Loren and Lapis step off the beaten path in favor of a few low-key quests to fill their pockets. To avoid the big cities and villages is to avoid the troubles they often bring, right? Lapis suggests the duo take things easy by way of highway cleanup duty. Loren is strong enough to dice up a few ogres, which should make for some easy money. Until, of course, something goes dangerously awry.
BROKE MERCENARY v4 isn't a particularly good or entertaining book, but it does try to connect a handful of seemingly serendipitous and unrelated problems, and then drop them all into Loren's lap for resolution. It's a pattern the author has used in every installment of the novel series thus far, but never so simplistically and clearcut. Does the absence of throwaway secondary characters do the trick? Regardless, as Loren and Lapis find themselves the wards of a kidnapped elven child, all bets are off.
One finds it difficult to feel at all nervous, excited, curious, or anxious for the heroes of this novel series considering how much the author has ensured they never truly fall into ruin. For example, Loren is ridiculously overpowered, and he makes use of his bond with Scena to unleash hell upon hundreds of bandits on the scale of a small army. Clever, but unnecessary. When a character becomes so powerful that the "problem" he faces (e.g., returning an elven child to a dangerous forest) is more of a nuisance than an actual responsibility to resolve, the book becomes an exercise in narrating one long, tedious chore.

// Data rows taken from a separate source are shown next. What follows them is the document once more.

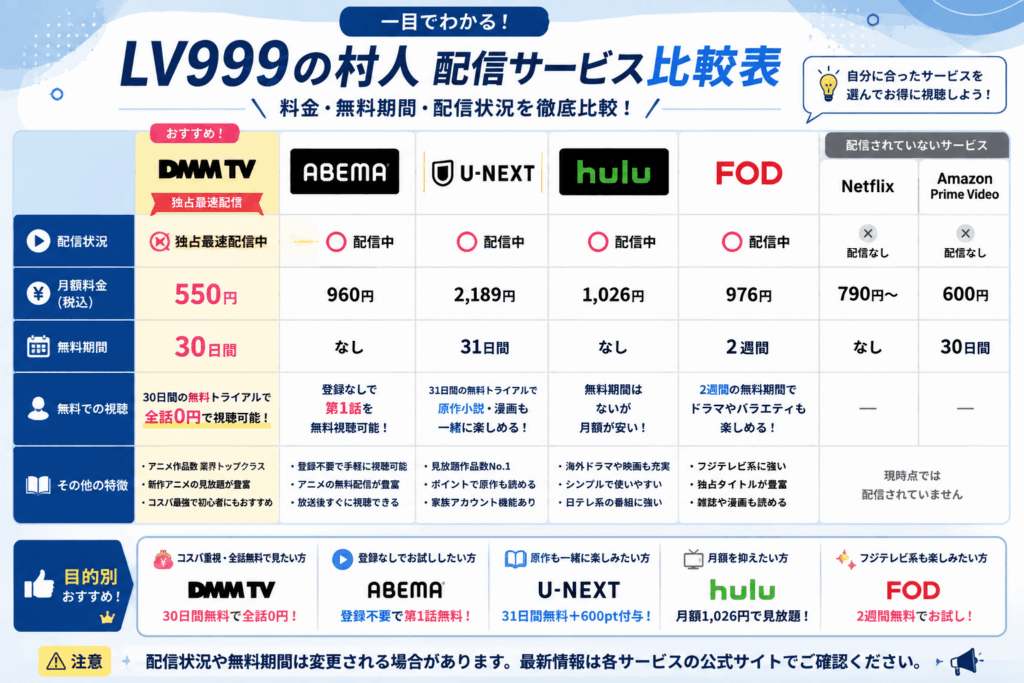 LV999の村人が視聴できる配信サービスを一覧で比較画像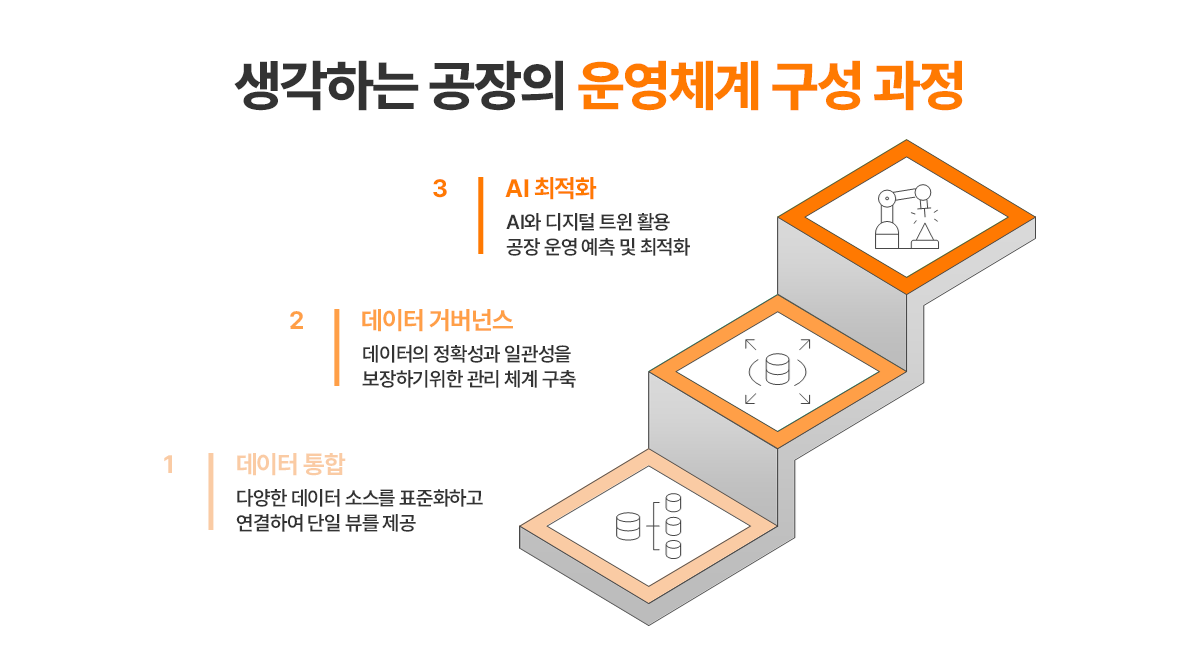생각하는 공장의 운영체계 구성 과정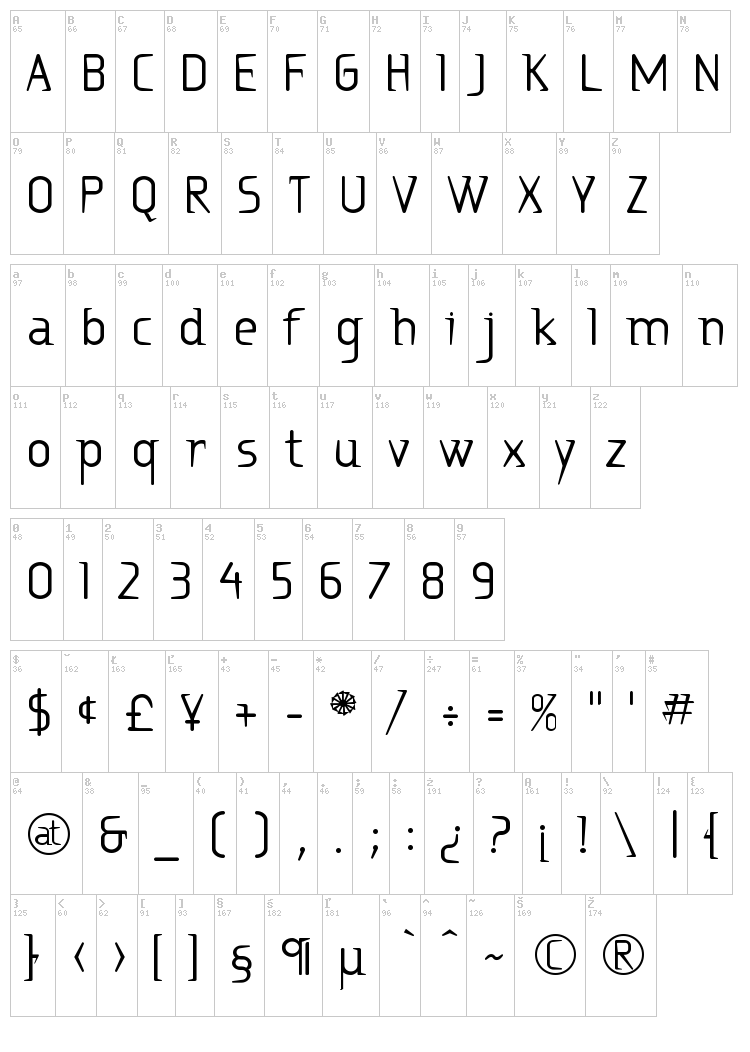 Ritalin font map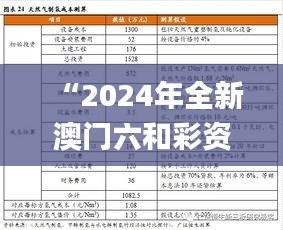 “2024年全新澳门六和彩资料，01-365期免费查询及趣味解析_AWM61.990版”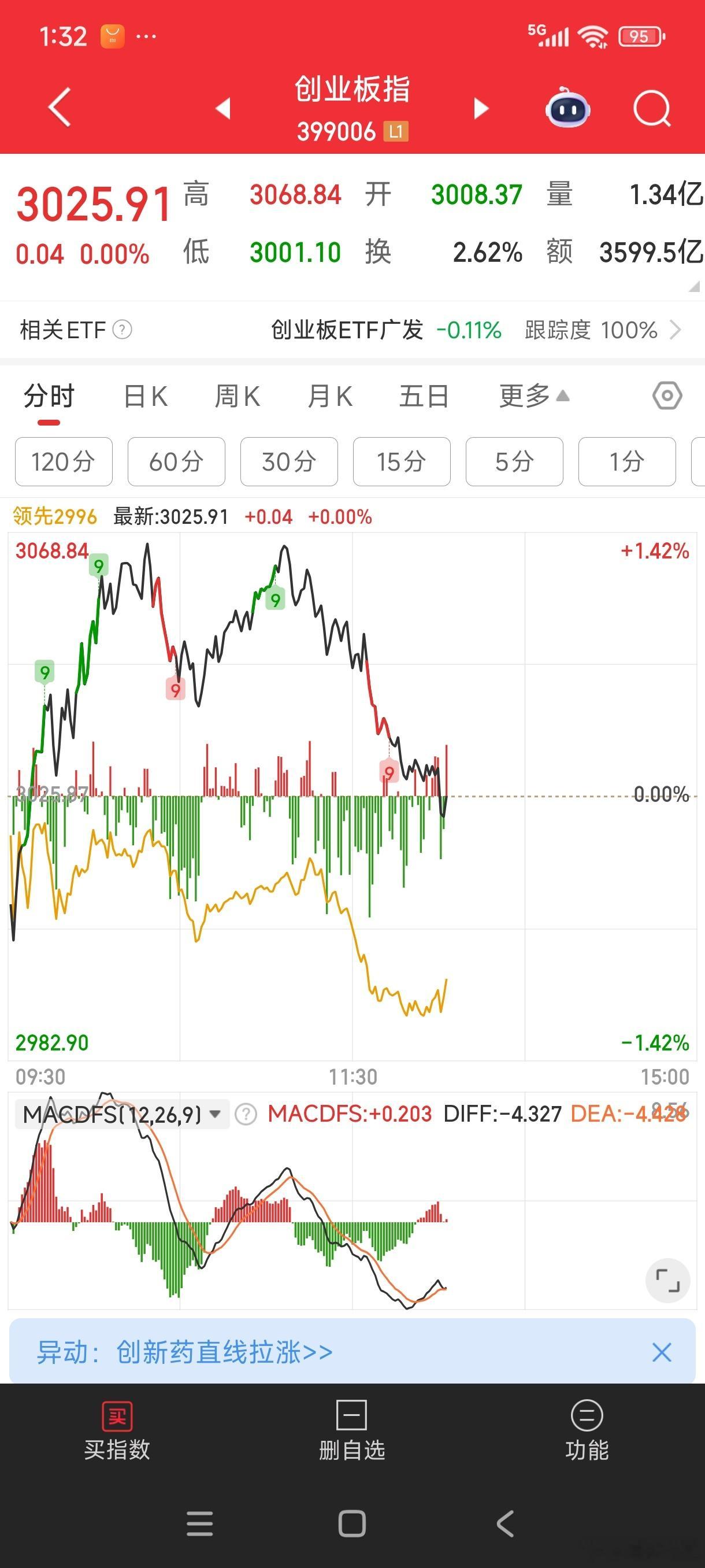 这个月已经好几次拉权重指数，就跳水了。。高位权重筹码结构不稳定，偏要硬拉。。。个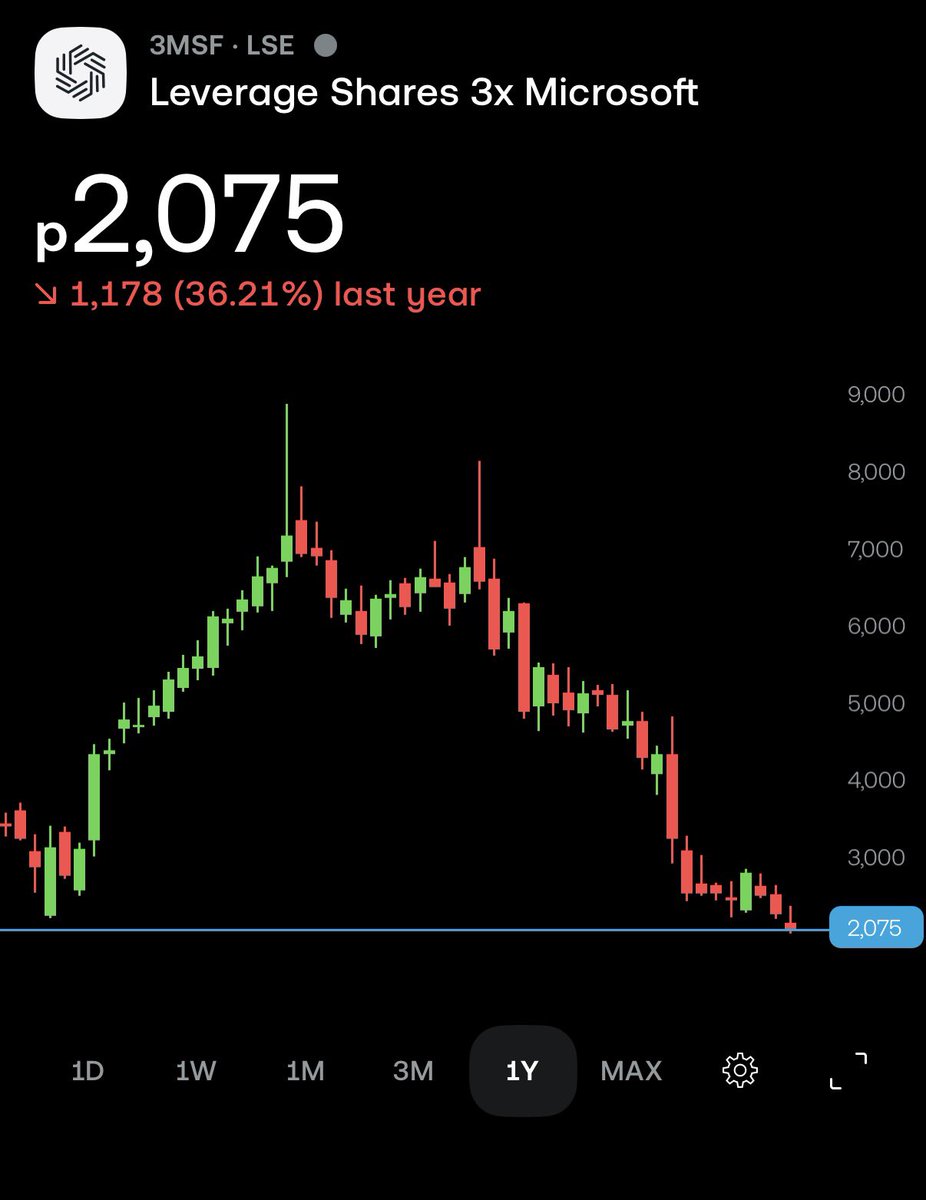 Mariusz_Invest's tweet photo. Will the sentiment shift soon? We’ll see! 📉➡️📈
$MSFT #Microsoft #3MSF #BuyTheDip #ExtremeFear #StockMarket #Investing #Trading #LeverageShares https://t.co/vvMCeGlnfh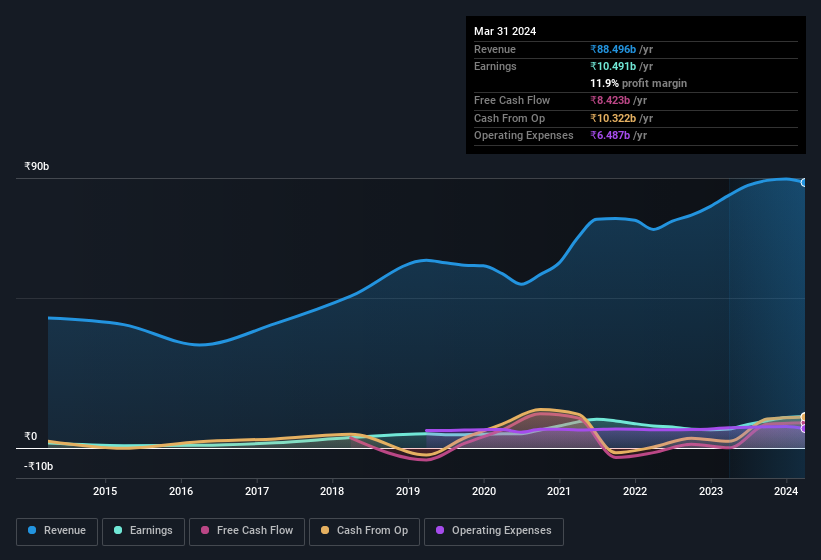 earnings-and-revenue-history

The invention of a dark forest that's home to all sorts of odd and dangerous creatures was a nice addition to the story. And the integration of elf people and fairy people whose habits and intuitions are different, even destructive to those of humans was a nice addition to the worldbuilding. But considering these facets of the novel served as duller set pieces to shovel Loren and Lapis in the direction of their appointed boss-level villain, said elements feel wasted. BROKE MERCENARY v4 does what all books in this series do: It dawdles on the moments that don't really matter, and readily neglects facets of the story that might otherwise intrigue. What's the point of journeying through a dangerous forest without learning anything about it? (The characters are running scared the whole time.) What's the point of being the first to encounter a fairy village and simply shrugging one's shoulders at its corrupt internal politics? (The characters kill the baddie, which takes zero critical thinking.)
In terms of character dynamics, readers might squeal with joy at how Lapis more openly confesses to her interest in being Loren's partner, but in truth, the priest character's childishness only goes so far. One would hope that by the fourth volume, these characters learned to be honest with themselves, but perhaps that was never the author's intention. And while one is thankful for not having to suffer the dialogue of Claes, the red-haired swordsman, as well as his harem, it would appear little else was gained from the effort. Without character goals or motivations beyond "adventure" in the abstract, one finds this novel series in the extraordinarily unenviable position of ignoring the most fundamental means of better driving a story. And so, once again, a lack of a competent and effective story structure and a dearth of substantive character development sink a novel.